## DATA FOR THE TASK

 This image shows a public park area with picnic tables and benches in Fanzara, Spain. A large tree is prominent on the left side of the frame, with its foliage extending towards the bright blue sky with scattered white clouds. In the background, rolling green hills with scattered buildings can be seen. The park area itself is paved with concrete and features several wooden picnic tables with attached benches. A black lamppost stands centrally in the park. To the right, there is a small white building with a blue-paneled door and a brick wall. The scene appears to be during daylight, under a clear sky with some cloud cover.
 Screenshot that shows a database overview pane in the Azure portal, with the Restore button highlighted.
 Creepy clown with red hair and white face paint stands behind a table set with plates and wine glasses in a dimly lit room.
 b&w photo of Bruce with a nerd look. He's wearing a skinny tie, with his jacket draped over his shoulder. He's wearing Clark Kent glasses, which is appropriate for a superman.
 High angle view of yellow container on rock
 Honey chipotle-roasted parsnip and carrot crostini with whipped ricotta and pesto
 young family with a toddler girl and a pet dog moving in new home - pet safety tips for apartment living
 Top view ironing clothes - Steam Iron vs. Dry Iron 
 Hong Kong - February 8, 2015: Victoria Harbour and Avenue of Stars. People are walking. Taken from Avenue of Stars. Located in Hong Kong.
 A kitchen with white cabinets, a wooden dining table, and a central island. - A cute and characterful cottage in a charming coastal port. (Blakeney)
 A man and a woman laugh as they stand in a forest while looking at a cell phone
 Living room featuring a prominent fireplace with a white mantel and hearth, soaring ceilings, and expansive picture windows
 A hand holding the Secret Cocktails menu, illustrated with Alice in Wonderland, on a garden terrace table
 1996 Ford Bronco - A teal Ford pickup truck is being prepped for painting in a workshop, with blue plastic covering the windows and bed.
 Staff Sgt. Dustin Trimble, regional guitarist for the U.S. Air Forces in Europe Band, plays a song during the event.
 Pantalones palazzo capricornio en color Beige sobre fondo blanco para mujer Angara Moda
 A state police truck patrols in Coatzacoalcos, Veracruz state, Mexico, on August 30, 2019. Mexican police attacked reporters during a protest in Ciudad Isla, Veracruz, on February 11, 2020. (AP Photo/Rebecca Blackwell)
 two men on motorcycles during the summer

## YOUR ASSIGNMENT
Having read the records, return each one exactly.

## RESPONSE AREA
 This image shows a public park area with picnic tables and benches in Fanzara, Spain. A large tree is prominent on the left side of the frame, with its foliage extending towards the bright blue sky with scattered white clouds. In the background, rolling green hills with scattered buildings can be seen. The park area itself is paved with concrete and features several wooden picnic tables with attached benches. A black lamppost stands centrally in the park. To the right, there is a small white building with a blue-paneled door and a brick wall. The scene appears to be during daylight, under a clear sky with some cloud cover.
 Screenshot that shows a database overview pane in the Azure portal, with the Restore button highlighted.
 Creepy clown with red hair and white face paint stands behind a table set with plates and wine glasses in a dimly lit room.
 b&w photo of Bruce with a nerd look. He's wearing a skinny tie, with his jacket draped over his shoulder. He's wearing Clark Kent glasses, which is appropriate for a superman.
 High angle view of yellow container on rock
 Honey chipotle-roasted parsnip and carrot crostini with whipped ricotta and pesto
 young family with a toddler girl and a pet dog moving in new home - pet safety tips for apartment living
 Top view ironing clothes - Steam Iron vs. Dry Iron 
 Hong Kong - February 8, 2015: Victoria Harbour and Avenue of Stars. People are walking. Taken from Avenue of Stars. Located in Hong Kong.
 A kitchen with white cabinets, a wooden dining table, and a central island. - A cute and characterful cottage in a charming coastal port. (Blakeney)
 A man and a woman laugh as they stand in a forest while looking at a cell phone
 Living room featuring a prominent fireplace with a white mantel and hearth, soaring ceilings, and expansive picture windows
 A hand holding the Secret Cocktails menu, illustrated with Alice in Wonderland, on a garden terrace table
 1996 Ford Bronco - A teal Ford pickup truck is being prepped for painting in a workshop, with blue plastic covering the windows and bed.
 Staff Sgt. Dustin Trimble, regional guitarist for the U.S. Air Forces in Europe Band, plays a song during the event.
 Pantalones palazzo capricornio en color Beige sobre fondo blanco para mujer Angara Moda
 A state police truck patrols in Coatzacoalcos, Veracruz state, Mexico, on August 30, 2019. Mexican police attacked reporters during a protest in Ciudad Isla, Veracruz, on February 11, 2020. (AP Photo/Rebecca Blackwell)
 two men on motorcycles during the summer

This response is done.